Mellon Financial Corp. of Pittsburgh, which merged with Bank of New York Co. Inc. in July, had been in Brazil for 10 years. BNY Mellon Asset Management Brasil focuses on fixed income, hedge funds, and long-only equity funds.
Mr. Little said Bank of New York Mellon has grown more comfortable with the market, especially as Brazil's economy has improved.
"Brazil is a big country with a big population that for a long time just had too many issues, including high inflation, high debt, and a poor business environment," he said. "But a lot has changed." BNY Mellon Brasil "has gone from a loss-marking business to a successful and profitable business that compares well with any of our businesses elsewhere in the world."
Mr. Little said Brazil has become more attractive as other global markets have suffered and as Brazilians have begun to invest domestically. "They are coming back," he said. "And we are seeing growth of family offices and investment managers in Brazil."
Analysts said large trust companies have spent the past couple of years looking to expand internationally. Since July, Bank of New York Mellon executives have said its international business could generate half its revenue and earnings in five to 10 years, versus about 25% currently. State Street Corp. has set a similar goal.
Mr. Little said Bank of New York Mellon is generally not interested in being the first company in a market. "We like to be careful," he said. "We want to fund the right kind of deal. We are interested in buying something that has been in existence for a number of years."
Mr. Little said Arx is a good example of the kind of business that appeals to BNY Mellon.
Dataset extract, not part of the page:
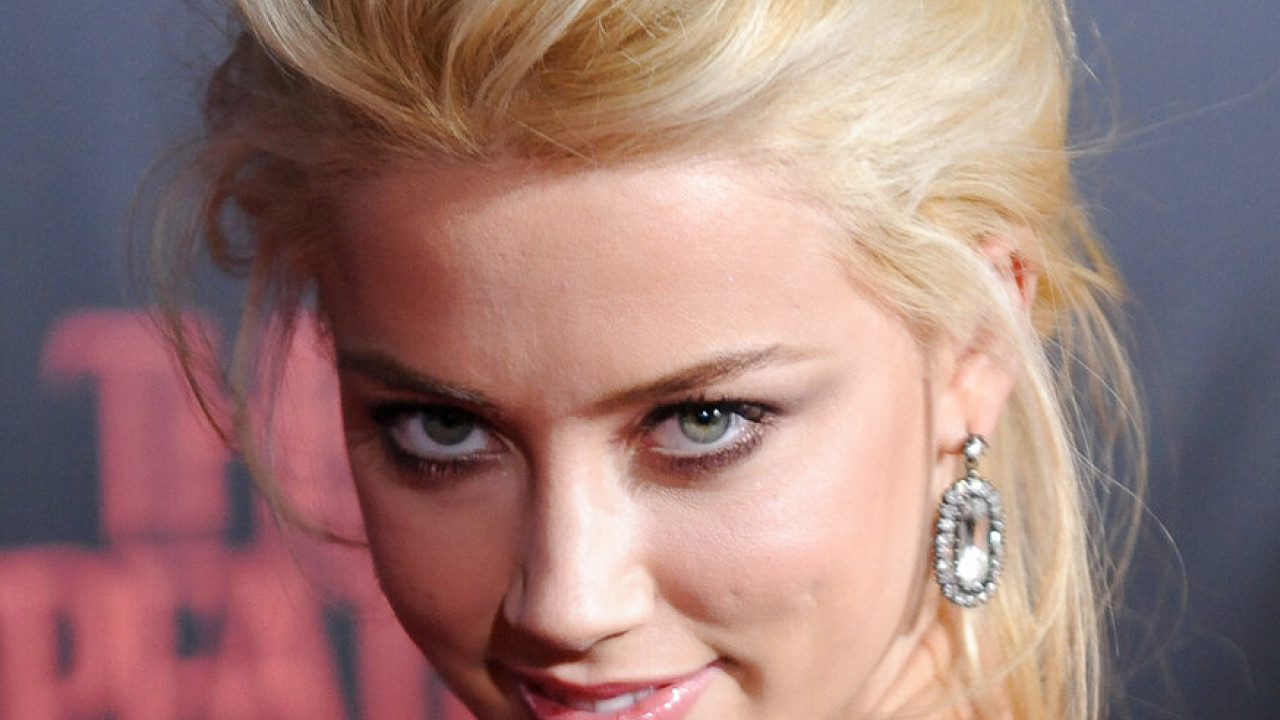 Η πρώτη σύζυγος του Johnny Depp ξεμπροστιάζει την Amber Heard: Νόμιζα ότι θα τον διέλυε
Arx and BNY Mellon Brasil have worked together for years. Arx manages 20 equity and hedge funds and BNY Mellon DTVM Brasil — BNY Mellon's fund processing unit in Brazil — has been the administrator for most of the funds since Arx launched in 2001.
Arx is to be integrated with BNY Mellon Asset Management Brasil, and the combined business will become one of the largest asset managers in the country. The deal is scheduled to close next quarter and is expected to be accretive to earnings in the first year. The price was not disclosed.
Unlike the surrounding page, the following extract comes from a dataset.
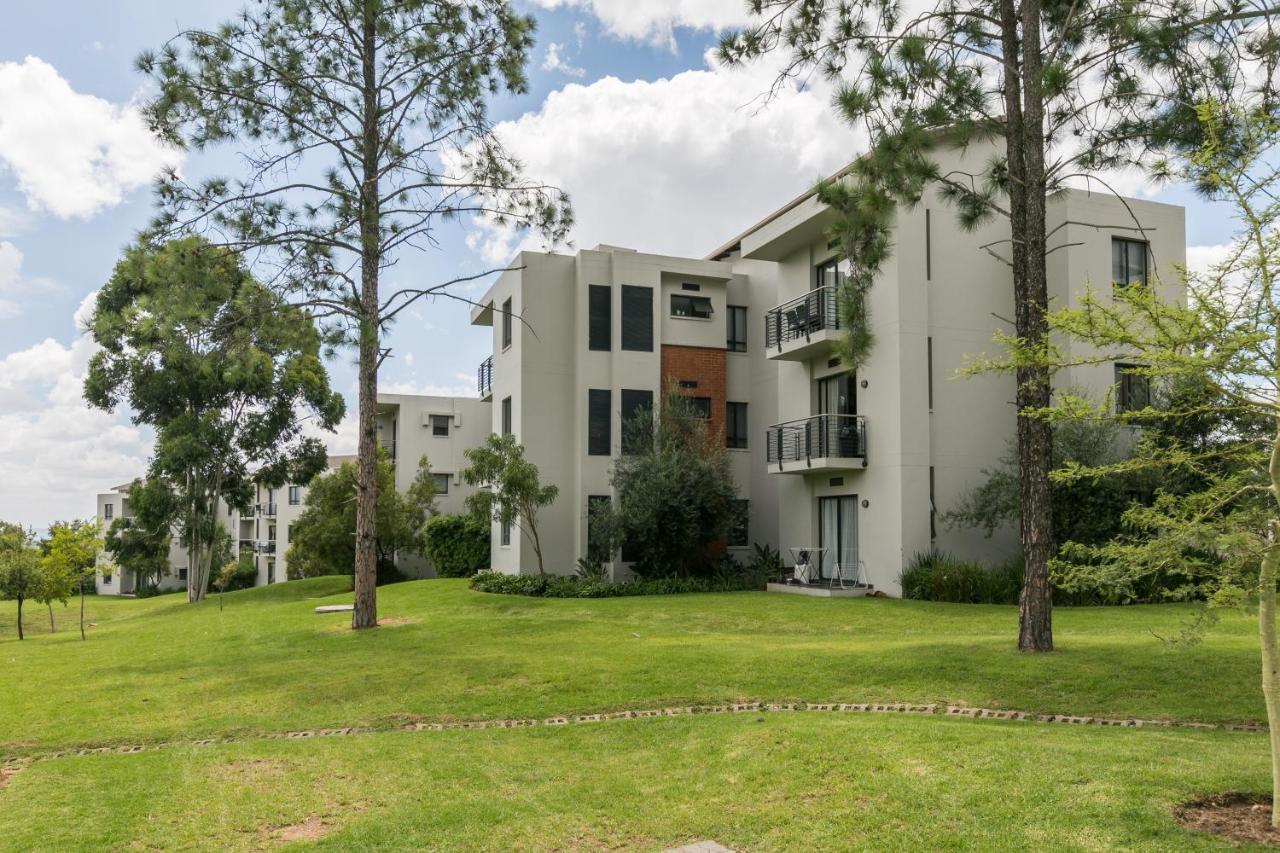 Modern Apartment In A Secure Golf Estate.Wifi Roodepoort Bagian luar foto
Mr. Little said South America and Latin America remain attractive markets for Bank of New York Mellon, but it wants to see how things develop before it makes another acquisition deal.
"Brazil is the biggest economy in the region, but we just haven't determined what the financial center is going to be in the region yet," he said. "It might be Buenos Aires, Santiago, Sao Paolo, or Rio de Janeiro. We can do everything we want to do in Latin America from Brazil. I think we'll just wait and see from here."